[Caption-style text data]
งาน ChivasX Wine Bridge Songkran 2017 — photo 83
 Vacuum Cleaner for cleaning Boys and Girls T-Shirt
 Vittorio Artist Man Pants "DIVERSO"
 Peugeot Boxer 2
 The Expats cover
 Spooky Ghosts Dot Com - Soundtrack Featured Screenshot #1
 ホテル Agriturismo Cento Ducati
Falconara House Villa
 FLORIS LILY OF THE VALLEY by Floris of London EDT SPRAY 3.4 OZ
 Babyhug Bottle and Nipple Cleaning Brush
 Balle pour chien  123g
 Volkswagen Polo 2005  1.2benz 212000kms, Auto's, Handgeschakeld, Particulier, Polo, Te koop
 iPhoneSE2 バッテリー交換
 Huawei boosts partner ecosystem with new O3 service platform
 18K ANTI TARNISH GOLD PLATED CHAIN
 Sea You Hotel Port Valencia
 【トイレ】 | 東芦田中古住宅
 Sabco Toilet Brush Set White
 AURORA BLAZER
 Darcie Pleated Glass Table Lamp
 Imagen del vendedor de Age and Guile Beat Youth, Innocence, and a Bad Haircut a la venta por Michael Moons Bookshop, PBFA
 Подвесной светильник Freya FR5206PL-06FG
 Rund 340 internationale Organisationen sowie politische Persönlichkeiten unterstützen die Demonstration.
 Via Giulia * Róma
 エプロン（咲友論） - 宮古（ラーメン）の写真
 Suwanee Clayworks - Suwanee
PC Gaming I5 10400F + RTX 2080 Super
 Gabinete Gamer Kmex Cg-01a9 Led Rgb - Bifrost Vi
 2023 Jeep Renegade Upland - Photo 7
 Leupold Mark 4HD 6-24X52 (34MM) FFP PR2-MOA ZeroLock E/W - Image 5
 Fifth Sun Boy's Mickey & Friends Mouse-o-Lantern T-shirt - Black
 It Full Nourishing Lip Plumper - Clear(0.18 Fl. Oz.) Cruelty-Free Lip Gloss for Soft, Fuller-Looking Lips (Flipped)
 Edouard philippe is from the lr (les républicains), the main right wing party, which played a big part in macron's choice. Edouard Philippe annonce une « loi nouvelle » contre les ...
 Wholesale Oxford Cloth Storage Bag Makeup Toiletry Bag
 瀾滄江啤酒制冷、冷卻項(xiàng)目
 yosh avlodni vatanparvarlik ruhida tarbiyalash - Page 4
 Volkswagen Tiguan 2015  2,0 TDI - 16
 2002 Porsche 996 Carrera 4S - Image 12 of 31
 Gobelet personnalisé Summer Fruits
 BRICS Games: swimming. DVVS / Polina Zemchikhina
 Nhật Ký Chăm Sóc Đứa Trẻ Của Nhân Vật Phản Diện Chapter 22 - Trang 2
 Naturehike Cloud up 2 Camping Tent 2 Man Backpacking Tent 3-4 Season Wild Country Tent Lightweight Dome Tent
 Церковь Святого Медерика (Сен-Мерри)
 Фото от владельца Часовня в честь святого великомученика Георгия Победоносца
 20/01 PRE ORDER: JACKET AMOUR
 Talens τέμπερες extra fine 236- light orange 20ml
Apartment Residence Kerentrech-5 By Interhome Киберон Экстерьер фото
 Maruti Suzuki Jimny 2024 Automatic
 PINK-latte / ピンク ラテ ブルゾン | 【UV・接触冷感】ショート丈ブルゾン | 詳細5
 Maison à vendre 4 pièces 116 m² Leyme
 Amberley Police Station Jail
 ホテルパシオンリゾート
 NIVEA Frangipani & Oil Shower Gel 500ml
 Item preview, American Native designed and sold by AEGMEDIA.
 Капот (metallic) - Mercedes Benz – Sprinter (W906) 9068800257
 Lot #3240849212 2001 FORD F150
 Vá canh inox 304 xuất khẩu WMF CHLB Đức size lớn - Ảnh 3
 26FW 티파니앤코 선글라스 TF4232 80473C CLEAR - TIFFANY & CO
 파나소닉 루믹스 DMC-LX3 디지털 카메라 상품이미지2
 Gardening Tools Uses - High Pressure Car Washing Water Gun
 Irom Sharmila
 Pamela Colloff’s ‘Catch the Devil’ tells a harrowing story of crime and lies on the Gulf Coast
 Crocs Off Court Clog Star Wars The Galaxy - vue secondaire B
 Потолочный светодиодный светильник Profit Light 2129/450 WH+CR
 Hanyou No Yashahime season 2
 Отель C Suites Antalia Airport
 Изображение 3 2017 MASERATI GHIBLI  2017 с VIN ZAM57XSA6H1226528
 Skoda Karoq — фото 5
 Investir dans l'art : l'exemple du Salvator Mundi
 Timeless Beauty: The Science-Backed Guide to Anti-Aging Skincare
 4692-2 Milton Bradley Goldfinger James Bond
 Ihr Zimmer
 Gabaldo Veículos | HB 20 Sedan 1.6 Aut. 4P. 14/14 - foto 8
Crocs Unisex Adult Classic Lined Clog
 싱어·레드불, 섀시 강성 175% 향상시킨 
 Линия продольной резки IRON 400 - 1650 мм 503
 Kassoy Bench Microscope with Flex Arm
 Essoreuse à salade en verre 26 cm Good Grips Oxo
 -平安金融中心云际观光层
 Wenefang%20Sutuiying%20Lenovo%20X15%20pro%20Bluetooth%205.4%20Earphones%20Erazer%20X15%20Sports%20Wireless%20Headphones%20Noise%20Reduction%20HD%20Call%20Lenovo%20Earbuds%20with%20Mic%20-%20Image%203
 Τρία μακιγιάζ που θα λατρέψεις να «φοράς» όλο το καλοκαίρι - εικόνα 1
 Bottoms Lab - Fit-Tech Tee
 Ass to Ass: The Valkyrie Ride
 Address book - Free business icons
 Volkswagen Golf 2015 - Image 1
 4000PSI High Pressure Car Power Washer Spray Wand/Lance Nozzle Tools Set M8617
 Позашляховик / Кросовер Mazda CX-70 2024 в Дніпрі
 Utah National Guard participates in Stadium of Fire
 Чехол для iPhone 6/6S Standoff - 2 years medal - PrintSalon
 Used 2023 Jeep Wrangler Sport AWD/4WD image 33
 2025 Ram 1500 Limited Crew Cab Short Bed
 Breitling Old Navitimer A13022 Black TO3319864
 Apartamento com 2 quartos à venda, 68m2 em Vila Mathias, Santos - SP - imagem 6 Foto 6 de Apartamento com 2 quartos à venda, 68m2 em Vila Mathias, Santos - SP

- [TASK DIRECTIONS] In the entries above, the lines between the one holding "Капот (metallic) - Mercedes" and the one holding "Линия продольной резки", inclusive, are to be printed exactly as written, and those alone.

- [YOUR SOLUTION]
 Капот (metallic) - Mercedes Benz – Sprinter (W906) 9068800257
 Lot #3240849212 2001 FORD F150
 Vá canh inox 304 xuất khẩu WMF CHLB Đức size lớn - Ảnh 3
 26FW 티파니앤코 선글라스 TF4232 80473C CLEAR - TIFFANY & CO
 파나소닉 루믹스 DMC-LX3 디지털 카메라 상품이미지2
 Gardening Tools Uses - High Pressure Car Washing Water Gun
 Irom Sharmila
 Pamela Colloff’s ‘Catch the Devil’ tells a harrowing story of crime and lies on the Gulf Coast
 Crocs Off Court Clog Star Wars The Galaxy - vue secondaire B
 Потолочный светодиодный светильник Profit Light 2129/450 WH+CR
 Hanyou No Yashahime season 2
 Отель C Suites Antalia Airport
 Изображение 3 2017 MASERATI GHIBLI  2017 с VIN ZAM57XSA6H1226528
 Skoda Karoq — фото 5
 Investir dans l'art : l'exemple du Salvator Mundi
 Timeless Beauty: The Science-Backed Guide to Anti-Aging Skincare
 4692-2 Milton Bradley Goldfinger James Bond
 Ihr Zimmer
 Gabaldo Veículos | HB 20 Sedan 1.6 Aut. 4P. 14/14 - foto 8
Crocs Unisex Adult Classic Lined Clog
 싱어·레드불, 섀시 강성 175% 향상시킨 
 Линия продольной резки IRON 400 - 1650 мм 503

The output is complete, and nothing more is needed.